How you eat is just as important as what you eat
I feel very passionate about this one and feel it often gets overlooked in health and nutrition advice. Eating in a relaxed way, when you are breathing well and chewing your food properly has a huge impact on how your body digests food. Eating in a rushed, stressed out state, when your body has elevated adrenaline and cortisol literally changes the way your body processes and digests food because, when it is in ‘flight or flight’ mode, everything is affected — from how it deals with blood sugar to the slowing down of digestive muscles to producing fewer digestive juices. Last year, I made a really enjoyable series of videos and audio for the LIGHT app teaching people how to eat in a more mindful manner by introducing a few rituals around eating. It’s pretty straightforward really. At a basic level, it’s about taking a few deep breaths if you sit down to eat when you are flustered (or better still, give it 10-15 minutes for your nervous system to calm down) and practicing being mindful whilst eating is very enjoyable - it’s all about engaging your senses! It can be really fun to take a moment to notice what you can smell when a plate of food is in front of you, what you can see, the texture of something when it hits the roof of your mouth, its temperature, the sound it makes as you break it open. Connecting on a sensory level with what you are eating completely transforms your experience of it. As does lighting candles, putting on some music and maybe even taking a second or two to silently express thanks in your head that you are one of the lucky ones who has the privilege of being able to enjoy a good meal in this moment.

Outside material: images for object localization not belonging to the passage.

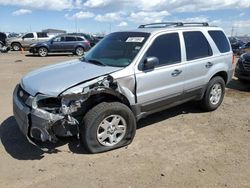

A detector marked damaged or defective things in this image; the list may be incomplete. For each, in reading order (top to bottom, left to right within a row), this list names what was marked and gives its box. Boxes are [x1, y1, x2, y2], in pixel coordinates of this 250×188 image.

crumpled front bumper [12, 85, 64, 145]
crushed hood [21, 59, 122, 97]
damaged silver suv [13, 22, 232, 153]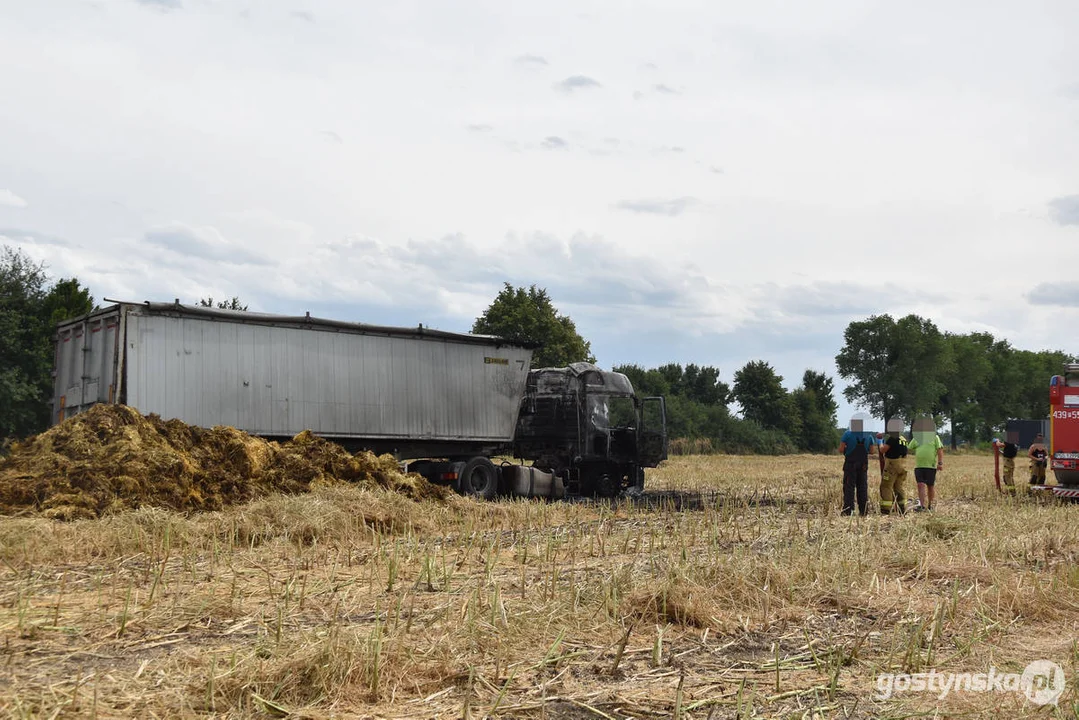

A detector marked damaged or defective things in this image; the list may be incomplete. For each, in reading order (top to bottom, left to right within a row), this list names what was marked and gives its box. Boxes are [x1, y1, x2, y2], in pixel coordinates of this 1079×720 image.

burned truck cab [516, 362, 668, 498]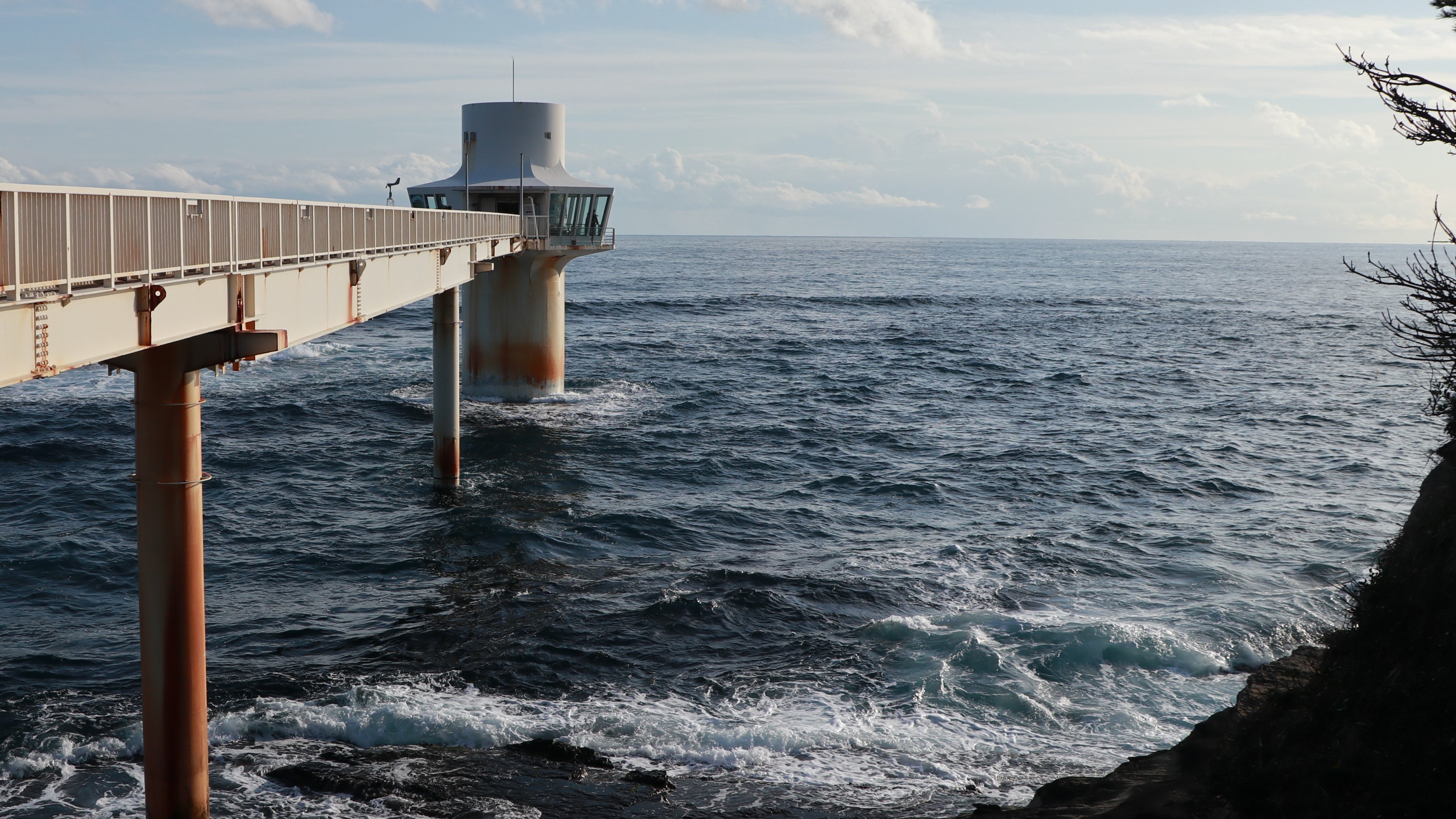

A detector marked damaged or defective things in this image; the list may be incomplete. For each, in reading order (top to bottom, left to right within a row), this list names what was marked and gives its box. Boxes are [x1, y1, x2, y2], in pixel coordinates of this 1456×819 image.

rusty support column [133, 341, 211, 816]
rusty support column [431, 286, 460, 484]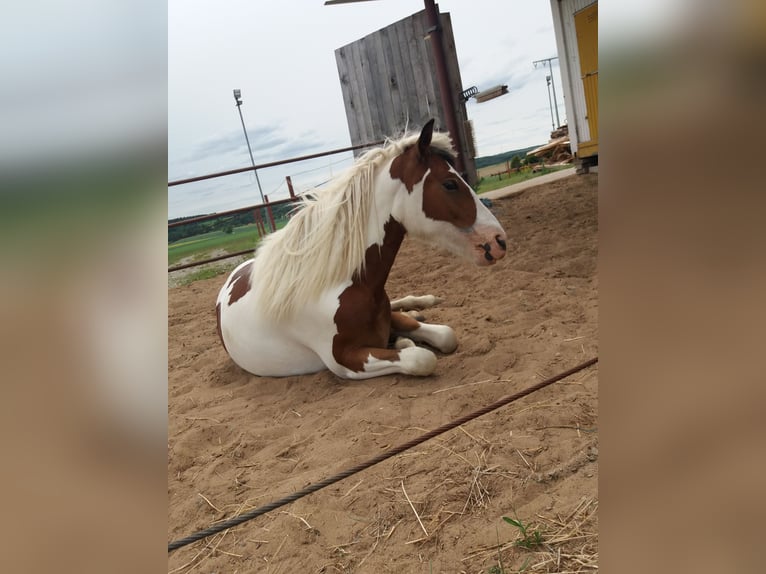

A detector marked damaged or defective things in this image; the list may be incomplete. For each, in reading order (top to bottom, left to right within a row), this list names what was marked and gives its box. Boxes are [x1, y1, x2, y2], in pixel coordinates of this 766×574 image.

rusty metal post [424, 0, 464, 176]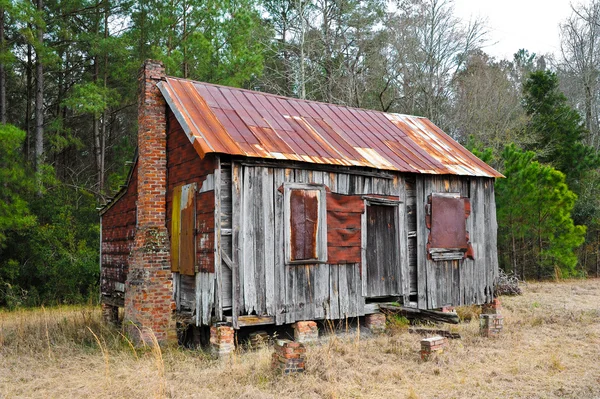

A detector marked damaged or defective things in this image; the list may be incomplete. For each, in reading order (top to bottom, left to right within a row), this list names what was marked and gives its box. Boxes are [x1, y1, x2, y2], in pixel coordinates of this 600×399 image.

rusted metal roof [158, 77, 502, 177]
rust stain on roof [158, 78, 502, 178]
rusty sheet metal shutter [170, 184, 196, 276]
rusty metal panel over window [171, 184, 197, 276]
rusty metal panel over window [284, 184, 326, 266]
rusty sheet metal shutter [290, 190, 322, 262]
rusty sheet metal shutter [432, 196, 468, 252]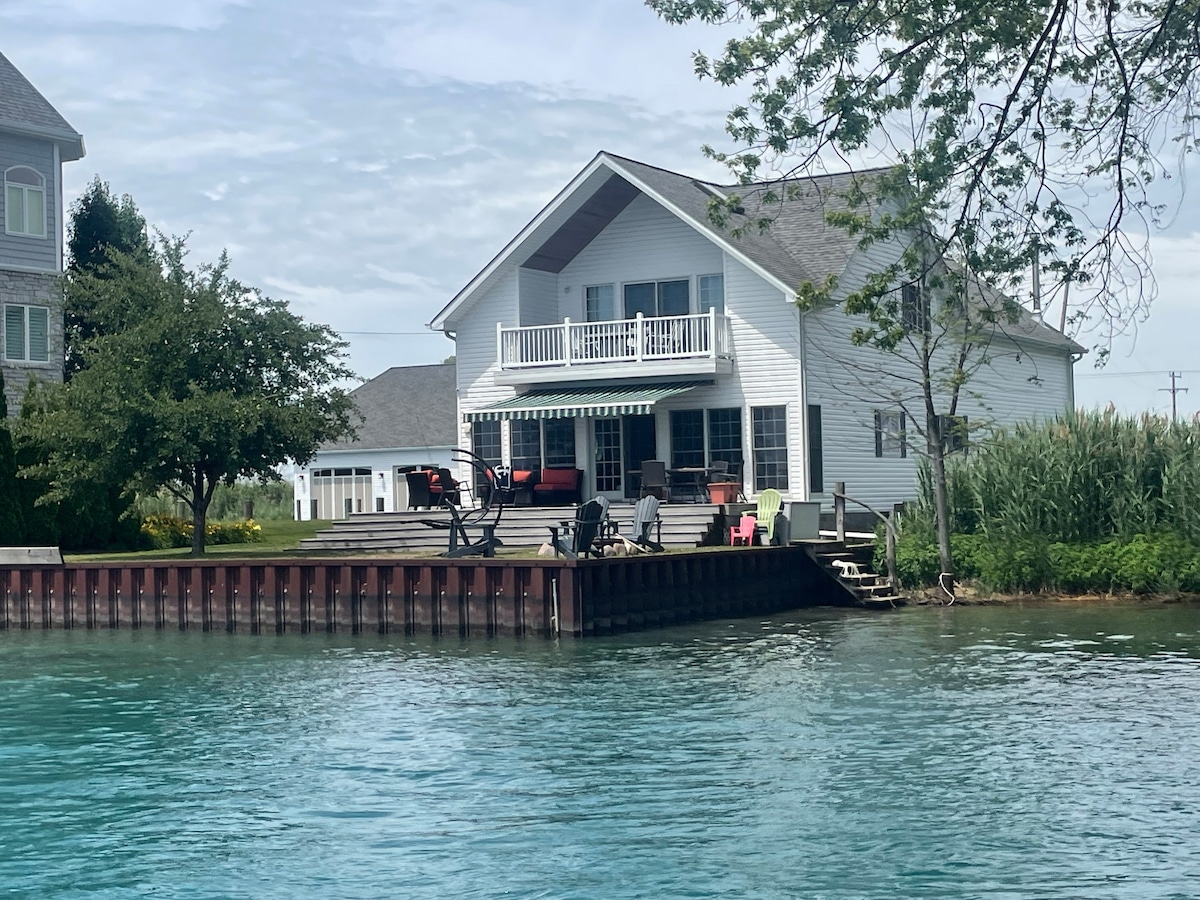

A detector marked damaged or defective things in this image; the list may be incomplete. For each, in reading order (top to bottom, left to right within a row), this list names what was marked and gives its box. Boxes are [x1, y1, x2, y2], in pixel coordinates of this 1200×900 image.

I feel like I’ve only just begun but that’s probably enough for this newsletter! Do you have any principles around eating well? Did any of my suggestions resonate? Do let me know in the comments
Yasmin xx
I read these pieces of advice while waiting for my flight after moving back to my homeland - ever since my return, I've been making unwise food choices due to lack of time and I feel it in my body: I feel bloated, tired and I've gained weight. So, your advice has come at a wonderful time. I'm Brazilian, but I've lived in Germany and Mexico, and these experiences abroad have taught me something interesting: there's nothing like home food - and I'm not talking about your mom or granny's food, but the foods, spices and dishes that you grew up eating and, somehow, make you and your body feel embraced, satisfied and in peace. I've realised that I need the traditional Brazilian combination of rice, black beans, sautéed kale in garlic and some lean grilled meat at least twice a week to feel good and healthy. This is so true that due to fact that black beans aren't easily found in Germany, I've developed anoemia there. However, in Mexico, where it is easily found, my health improved, I no longer have anoemia and my hair is growing back again. Furthermore, I liked your advice on exploring Ayurvedic medicine - this is something I've always wanted to do, but was a bit afraid of, mostly because I used to think one has to follow all its principles in order to fully experience its benefits. All in all, amazing advice, beautiful family memories and great read.
Excellent piece, Yasmin - it's odd that we need to be reminded to take time for enjoyment: maybe has something to do with the expectation that everything must be as easy as possible to eat, let alone cook (boneless fish-fillets, shelled nuts, skinned and boneless chicken, ready-prepped veg etc).